In School, We Play with Dead Bodies

Mansi Shah

December 12, 2014

 


My hands are lost—

They peel away yellow flesh to

Uncover silicone pouches coarsened with

Time.

(The body

Wars with the unnatural.)

Naïve to our insides, we play

With scissors, probes, and fingers

Teasing apart nerve from vein.

Write about your first cut:

The plastic bag of bowels,

The manicured nails,

The pool of formaldehyde affectionately

Known as cadaver juice, and

The unconquerable palms and soles

Are the main characters in my tale.

But my real first cut:


I am sitting at the operating table,

Hands tensed in the sterile position

(Rewriting my body’s habitus).

I watch as she slices open the back of this man’s hand

The adrenaline hits—my heart is pounding—

See this muscle?

I nod.

It isn't usually here.

She quizzes me:

What’s this?

A tendon,

I pipe back.

(I passed. Knowledge I did not know I knew.
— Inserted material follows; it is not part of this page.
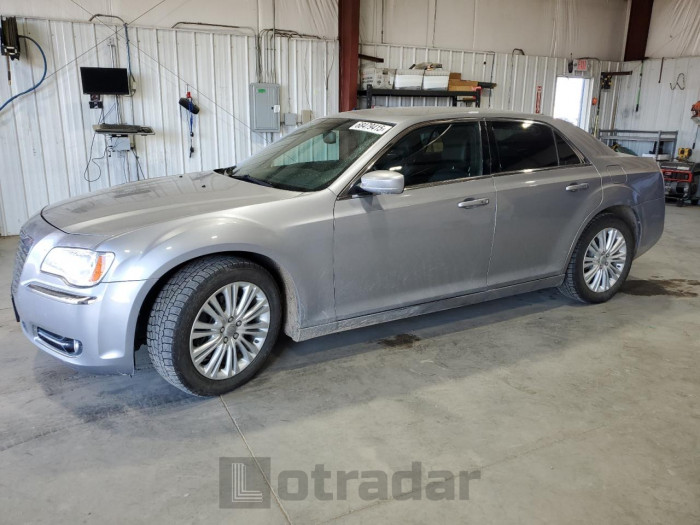 Chrysler 300 2014 VIN 2C3CCARG7EH381458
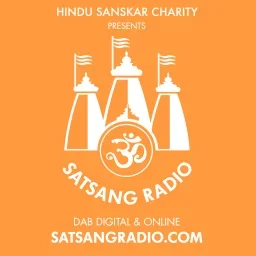 Satsang Radio — The United Kingdom Of Great Britain And Northern Ireland logo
Constructing norms of the body’s

Architecture.)

She scrapes his bones and straightens

Them with metal rods

I snip sutures as she sews canyons into crevices

I walk outside—the air is dense, the

Sky seems deeper,

I am wide-eyed as ever

But somehow saturated with the

Knowledge of vessels laden with blood

And a little hardened—

Like the scar we drew by blade,

Slowly transforming from new to toughened.